759 N.W.2d at 256. Based on this reasoning, we conclude that relator's failure to pay utilities and provide garbage services are serious violations of her lease.

When a tenant fails to keep up with utilities and waste, the landlord's property can be "significantly affected." See id. Here, the New Brighton city inspection reports state that relator failed to provide garbage services from March until July 2008, a significant period of time that allowed a considerable amount of waste to pile up on the premises. Additionally, the letter that Metro HRA mailed to relator on July 21, 2008, states that relator's failure to pay water and garbage services constituted "a serious breach of your lease and could lead to termination of your Section 8 Housing Choice Voucher and rent assistance." Thus, there is substantial evidence to support the conclusion that at least one lease violation alleged in the landlord's eviction action and supported by city reports is a serious lease violation. We therefore conclude that the hearing officer did not abuse her discretion in finding that relator was evicted for serious lease violations.

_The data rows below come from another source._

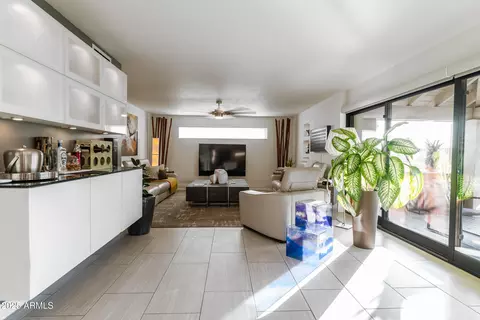 Living - 1136 E Forest Hills Dr, Phoenix, AZ 85022 photo 4 of 6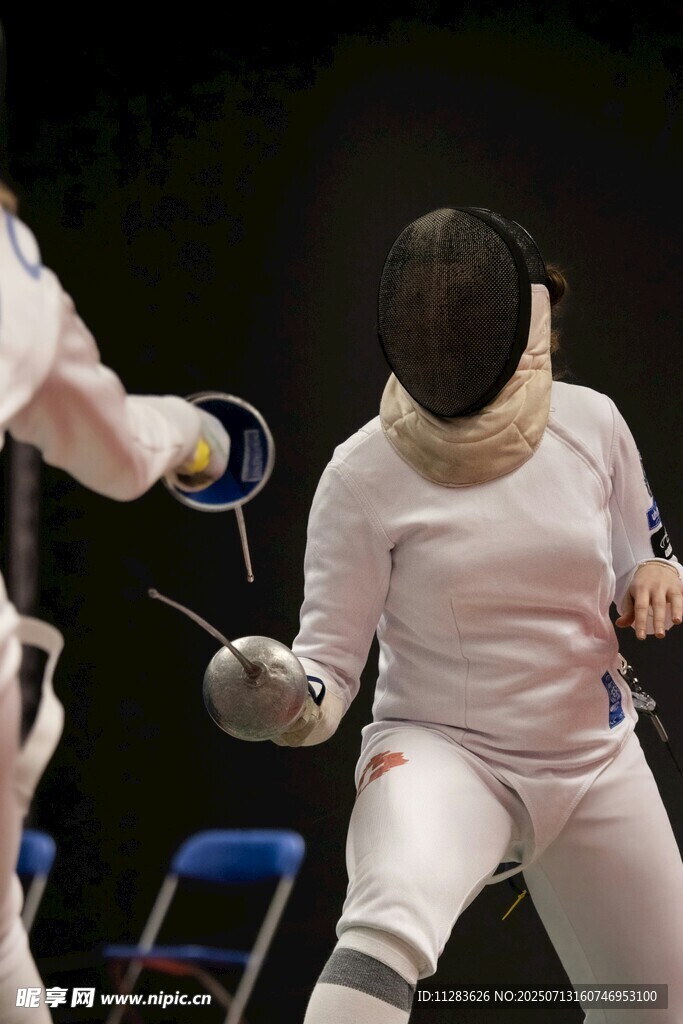 击剑运动员赛场对决瞬间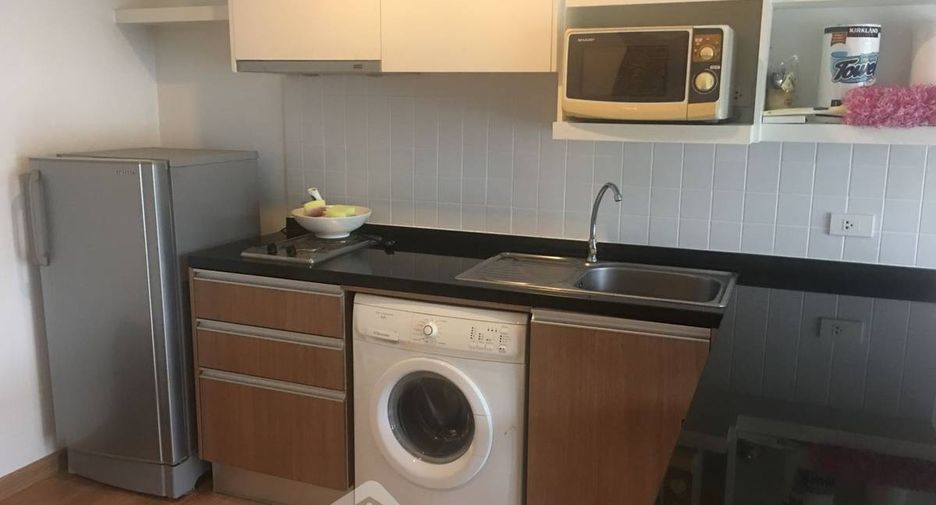 For sale 1 bed condo in Khlong Toei, Bangkok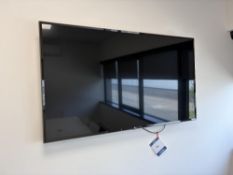 LG 50'' smart TV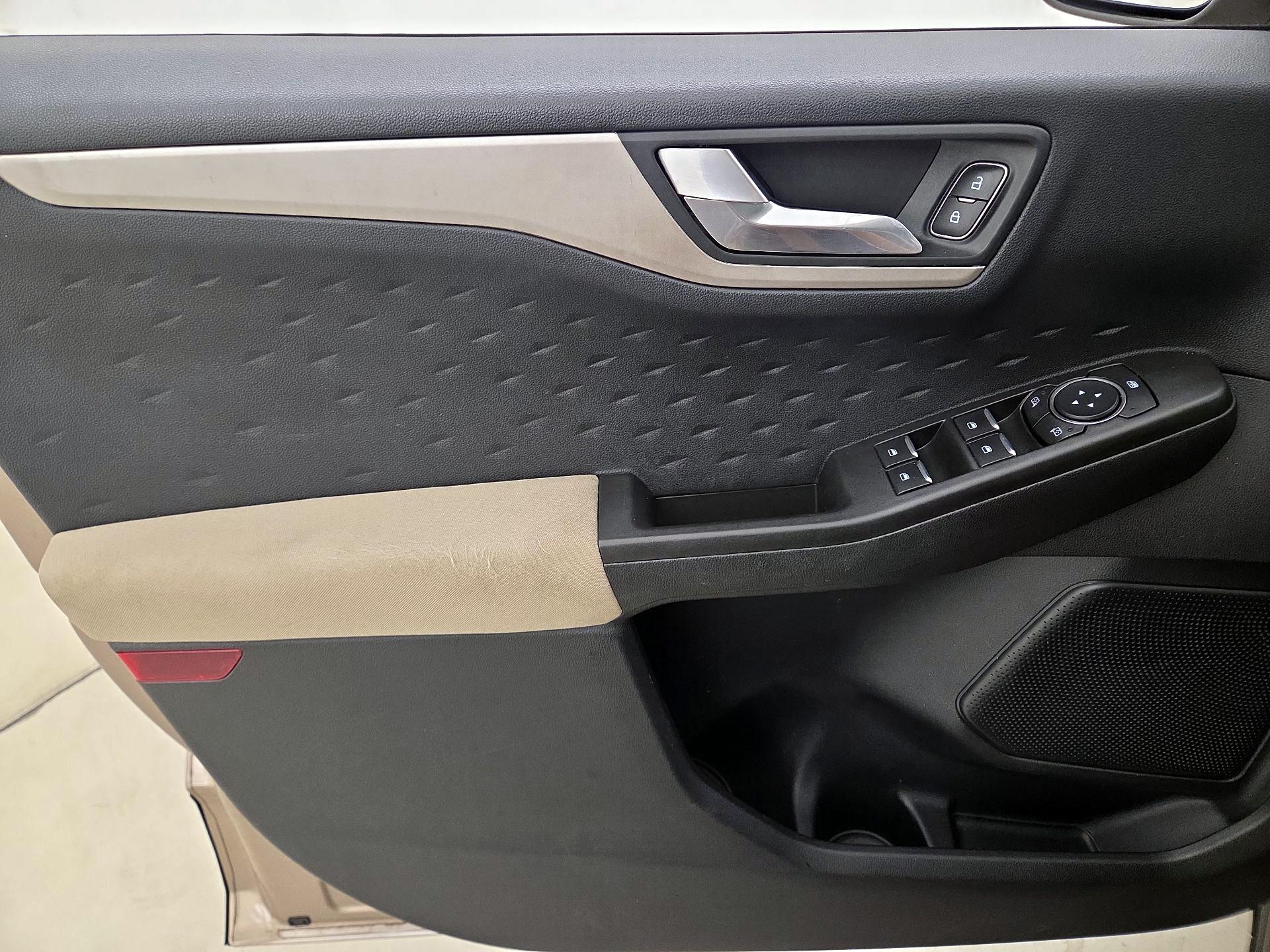 Thumbnail: 2020 Ford Escape - 12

Substantial evidence supports the conclusion that relator failed to vacate the premises by July 31, 2008.

The Metro HRA hearing officer found that relator failed to vacate the premises by July 31, 2008, as required by the settlement agreement. Relator claims that she substantially complied with the terms of the settlement agreement, and that the hearing officer was not presented with substantial evidence indicating otherwise. Because substantial evidence supports the conclusion that relator did not properly vacate by July 31, we disagree.

The settlement agreement that relator and her landlord signed contained a stipulation that the issues would be dismissed if relator vacated the premises on or before July 31, 2008. The hearing officer was presented with evidence that although relator and her family were no longer residing there after July 31, relator failed to remove all her personal property from the premises by that date. Caselaw in Minnesota has not specifically defined whether vacating the premises requires the removal of all personal belongings. But cases have suggested that removing property is implicit in properly vacating. See Provident Mut. Life Ins. Co. v. Tachtonic Instruments, Inc., 394 N.W.2d 161, 164 (Minn. App. 1986) (stating that a tenant had complied with an order to vacate the premises by leaving the property clean and free of all personal property).

Relator admitted at the hearing that there were "maybe a couple of dressers" still on the property on August 5, 2008, and that she and her family removed "everything we could get out of the place" by July 31. But a city inspection report, and accompanying photographs from August 5, indicated that there was "furniture, garbage, junk, children's toys, bricks, glass in front and back yard" of relator's premises.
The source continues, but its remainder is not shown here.